NANJING, March 8 (Xinhua) -- Yu Xiaolan, a woman teacher from Nanjing, capital of east China's Jiangsu Province, has taught for over a decade, but her students never talk to her.
"When I went for an interview at the school in 2002, I saw a group of students hanging out in the playground, making no noise at all," said Yu, 39. "It touched me deep inside when I was later told they had hearing impairments but were just as happy as their classmates."
The then-college graduate student was determined to start her career at the school for hearing-impaired students.
Yu has taught for 17 years at the Nanjing City Hearing Impaired School. Founded in 1927, the school now has nearly 400 students and over 130 faculty members, including both junior and senior high schools.
Yu said her emotional bond with the students has propelled her to make it a lifelong career.
Yu now teaches Chinese at a high school class of 13 students with hearing loss. Yu said they treat each other like family members.
Their mutual trust and self-confidence, however, were not built in one day. The success is largely due to Yu's years of efforts in encouraging the students to make friends and share their opinions.
At the end of each semester, students from Yu's class usually expect feedback from their beloved Chinese teacher Yu as they are eager to let her see their progress.
"Some of the students from my class come from other provinces and cities, away from their parents, so I always try to be creative when I give them tailored, positive comments after each semester, such as drawing cartoons and using inspirational quotes and poems," Yu said.

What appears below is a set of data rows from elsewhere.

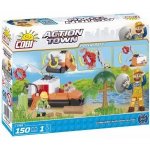 Cobi 1783 Action Town Úklidové vznášedlo – Zboží Dáma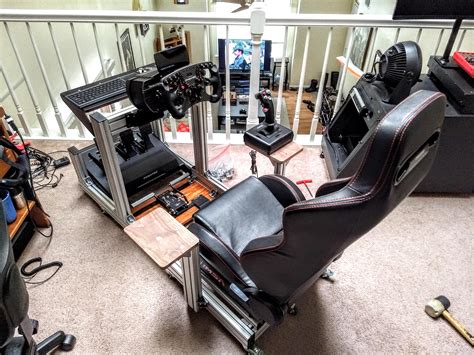 SimLab GT1 Evo Transformer Edition: Race / Fly : r/hotas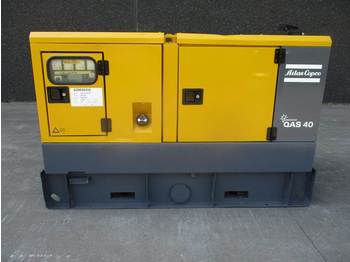 Generator set Atlas-Copco QAS 40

Days before the International Women's Day, Yu received a number of DIY gifts from her students, such as a piece of Chinese calligraphy from Tao Wanting.
Wearing a shy smile, the bashful 16-year-old girl also used sign language to express her gratitude. "I wish you a happy Women's Day!" Tao gestured while handing over her work that reads "beautiful, intelligent and pure as a lily" to describe how she felt about Teacher Yu.
Yu replied with proficient sign language to express her appreciation, a skill she has spent three years learning.
"From words to sentences, I practiced a lot at home after work, facing the mirror to practice for hours," said Yu. "I often teach my six-year-old son to learn some simple sign language, and he likes to hang out with my students."
"It took some time for my students to open their hearts, but once they accept you, they will trust you," said Yu, who used to be honored as the most outstanding teacher of Nanjing City.